One inmate, Anthony Porter, spent 15 years on death row and at one point
came within 2 days of being executed before a group of student
journalists at Northwestern University uncovered evidence that was used
to prove his innocence. Porter was released from prison last year.

Ryan's decision would make Illinois the 1st of the 38 states with
capital punishment to halt all executions while it reviews its death
penalty procedures. The Nebraska legislature passed a moratorium on
executions last year but it was vetoed by Gov. Mike Johanns (R).

Ryan did not declare a general moratorium, Culloton said, but will stay
executions on a case-by-case basis. He said that if Attorney General Jim
Ryan (R) put forward a death warrant and scheduled an execution date,
"the governor will just stay that indefinitely." Culloton said he
believes the attorney general shares Ryan's doubts and might not even
schedule any more executions.

Culloton said the governor "still believes capital punishment is a proper
societal response," but was deeply troubled by the number of condemned
prisoners who have been exonerated in Illinois in recent years and by a
recent series by the Chicago Tribune that examined nearly 300 death
penalty cases since 1977.

The newspaper reported that 33 death row inmates had been represented at
trial by attorneys who had been disbarred or suspended and that about
half of the state's capital cases had been reversed for a new trial or
sentencing hearing. The Tribune also reported that in 46 cases,
prosecutors had used testimony from jailhouse informants, which is
widely believed to be the least reliable evidence in criminal cases.

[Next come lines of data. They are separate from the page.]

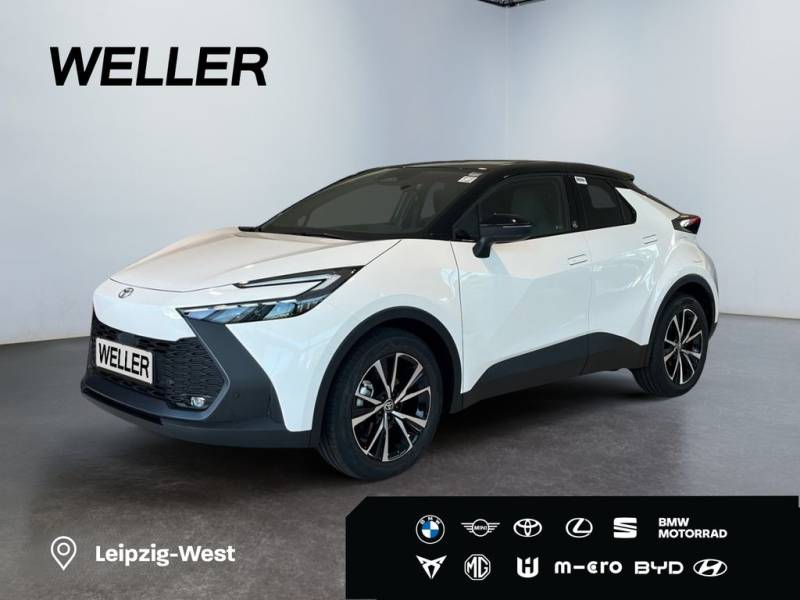 Toyota C-HR Hybrid 1,8 l, 140 PS CVT, 4x2 SUV TEAM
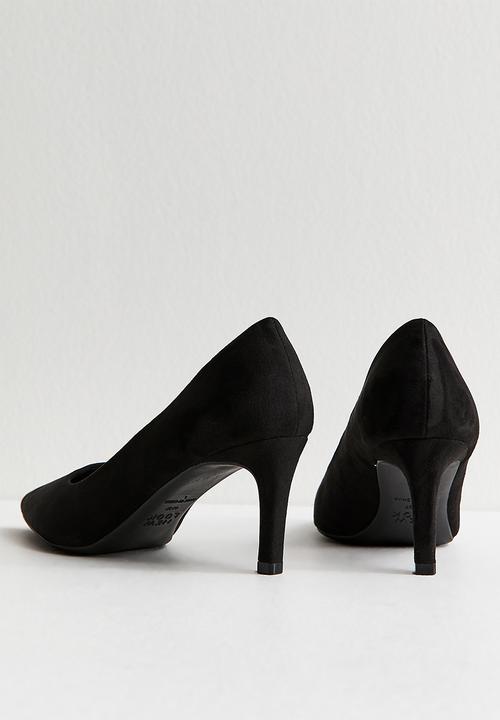 New Look - Stefan heel - black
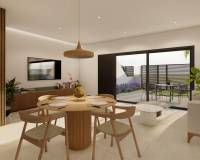 Nouvelle construction - Bungalow - San Pedro del Pinatar - El Salero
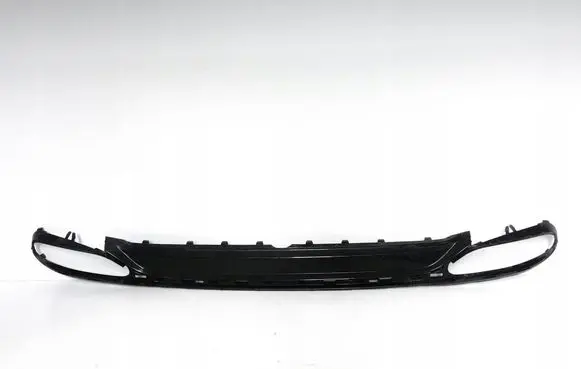 Mercedes-Benz S W223 Rear bumper trim bar molding A2238855600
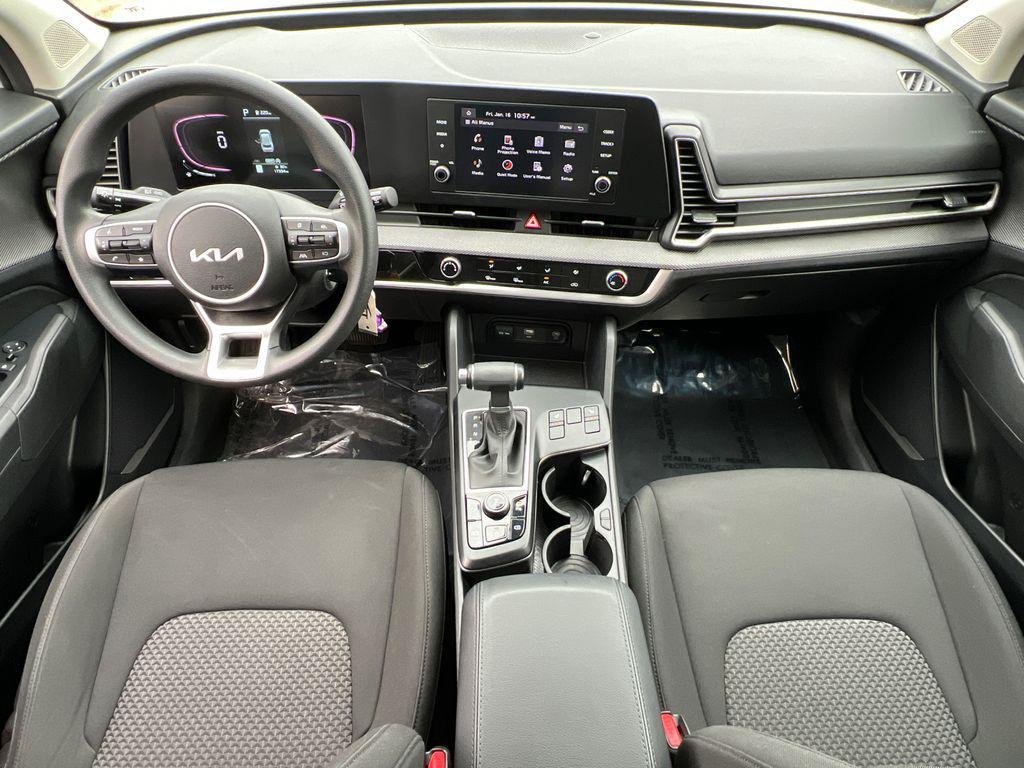 used 2023 Kia Sportage car, priced at $21,501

Last month, Cook County prosecutors dropped charges against a former
Chicago police officer who had been sentenced to death largely on the
testimony of a jailhouse informant. However, the former policeman faces
kidnapping charges in Missouri in an unrelated case.

Last week a Chicago-Kent College Law School professor and his students
filed a motion in state Supreme Court asserting that they had uncovered
evidence that a death row inmate was wrongfully convicted of a 1982
murder on testimony by witnesses who now say Chicago police detectives
coerced them into falsely identifying the suspect as the killer. The
commander of the detective squad was fired in 1993 for allegedly
directing the torture of several suspects, who made confessions to
murder charges that were proved to be false.

Culloton said Ryan will appoint a special commission to study the state's
capital punishment system in general and specifically determine what
happened in the 13 cases in which defendants were found to have been
wrongly convicted of capital crimes.

"The Porter case is a very good example. Porter and the cumulative
effects of the system breaking down is what convinced him to just put
things on hold," Culloton said. "The governor bears the burden of
having the last say, and there's no margin for error."

Since becoming governor a year ago, Ryan has faced only one decision in a
death sentence case. He decided not to block the March 1999 execution of
a man condemned for a mutilation murder and he later said he agonized
over the decision. However, his fellow Republicans have generally favored
capital punishment, and Ryan is Illinois campaign chairman for Texas Gov.
George W. Bush, whose state executes more people than any other.

The Illinois House of Representatives approved a moratorium on
executions last year but it failed in the Republican-controlled Senate.